Celia “CiCi” Turner Zahringer’s Impact On The Morikami Museum and Japanese Gardens

CiCi Turner Zahringer first walked through the Morikami Museum 17 years ago. Her father, a former trustee and board member, took her and her son to see the orchids, walk the gardens and attend a festival. After that initial visit, the museum became a go-to family destination—and eventually, the place Zahringer would call home.

Following in her father’s footsteps, Zahringer, who worked as a stockbroker on Wall Street before raising four children as a single mother, became a board member of the museum. She served in this role for two years before becoming president. The title was officially bestowed in the summer, and since then, she has worked to celebrate and enforce the changes the museum has undergone since its inception 40 years ago.

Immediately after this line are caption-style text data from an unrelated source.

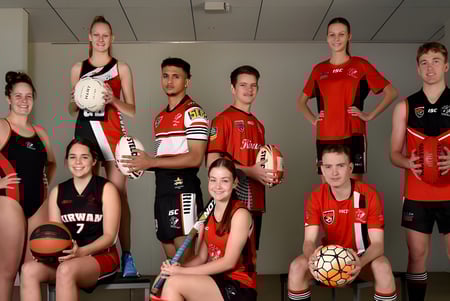 Un grupo de jóvenes atletas de la Kirwan State High School posan en el gimnasio con uniformes de equipo y equipos deportivos.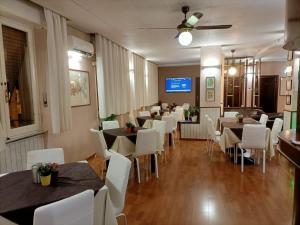 a dining room with tables and white chairs at Giappone Inn Parking Hotel in Livorno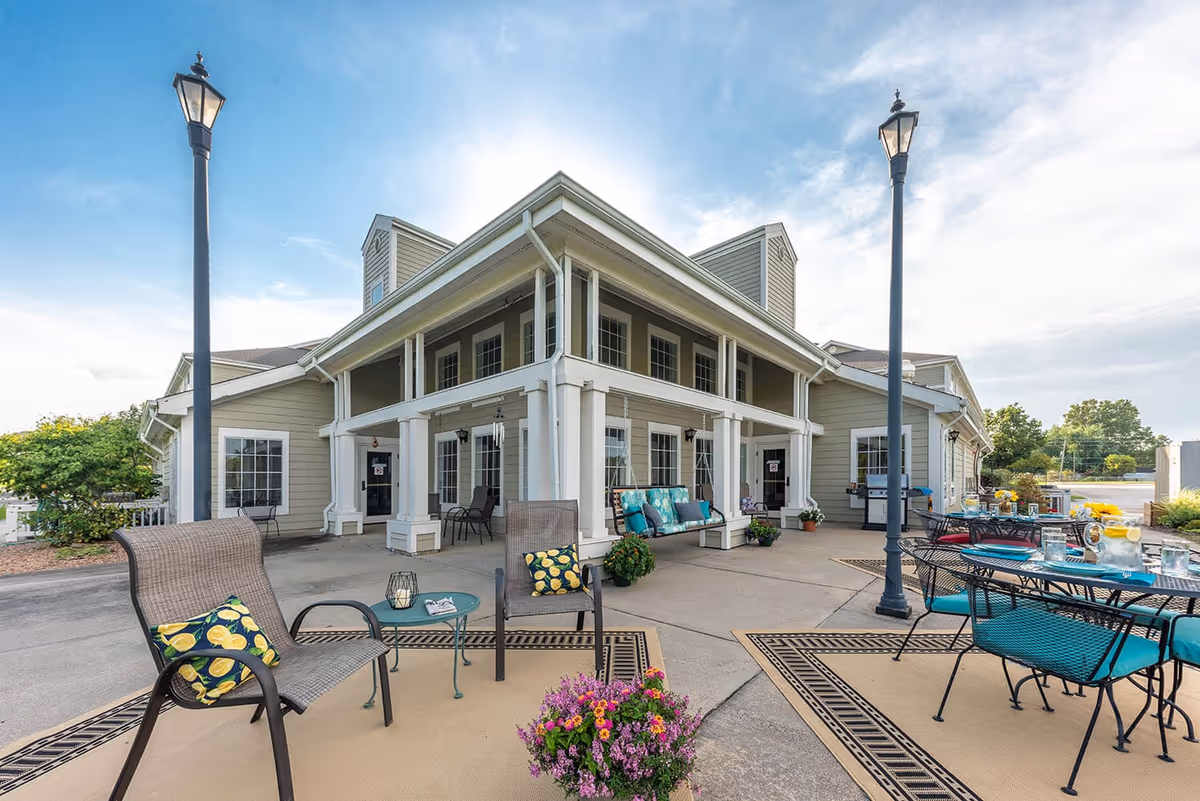 Outdoor patio area at Fort Scott Presbyterian Village featuring seating arrangements with chairs and tables, decorative cushions, potted plants, and two tall street lamps, adjacent to a beige building with white trim under a partly cloudy sky.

The Morikami Museum began as a piece of land gifted by George Sukeji Morikami, one of the last remaining settlers of the Yamato Colony, a Japanese farming community that moved to northern Boca Raton in the 1900s. But plans to colonize the area depleted as the landscape wasn’t ideal for crops, and by the mid-1970s, a majority of the community left the area. To honor the Yamato Colony, the Morikami Museum was built on the gifted land, and since then, it has grown tremendously.

“I’ve seen it change so much over the years; what started 40 years ago as a gift of 200 acres of land [and a] one-room museum [has become] what we have today—and that has all taken place over the last 20 years,” Zahringer says. “Now that the 40 years are up, we are ready to make that next step to become even better.”

That next step involves expanding the museum’s reach and tailoring its programs for a younger generation. To do this, the theater was recently renovated to make room for film, art and outreach programs for children, through which the museum visits schools and works with teachers on curriculums or has schools come there to learn about art, music and the facility. “We realize our children are our greatest gift, and we want them to grow up and be very successful and well-rounded and give back to the community, which we teach through our programs,” Zahringer says.

And while many past presidents have worked to expand the museum, Zahringer’s approach is different. Unlike many board members, visitors will find Zahringer on the grounds of the museum almost every day, something she finds necessary for success. “I go in practically every day because I feel it is important in order to serve the institution, to get to know its members and get to know the staff and know how it operates,” she says. “I want people to know me and be used to seeing me around—I really approach it as a full-time job.”

Zahringer’s daily visits have created a relationship between the trustees and staff that resembles a family. And on the topic of family, Zahringer’s own son and his future wife plan to marry at the museum. “Everyone at the Morikami will be my guest because they’ve become a large family,” she says.

This year, that Morikami family will work together to expand their reach globally and internationally, adding programs and updating facilities. “I think it’s an incredible institution and to have the opportunity at this point in its history is very important to me,” Zahringer says.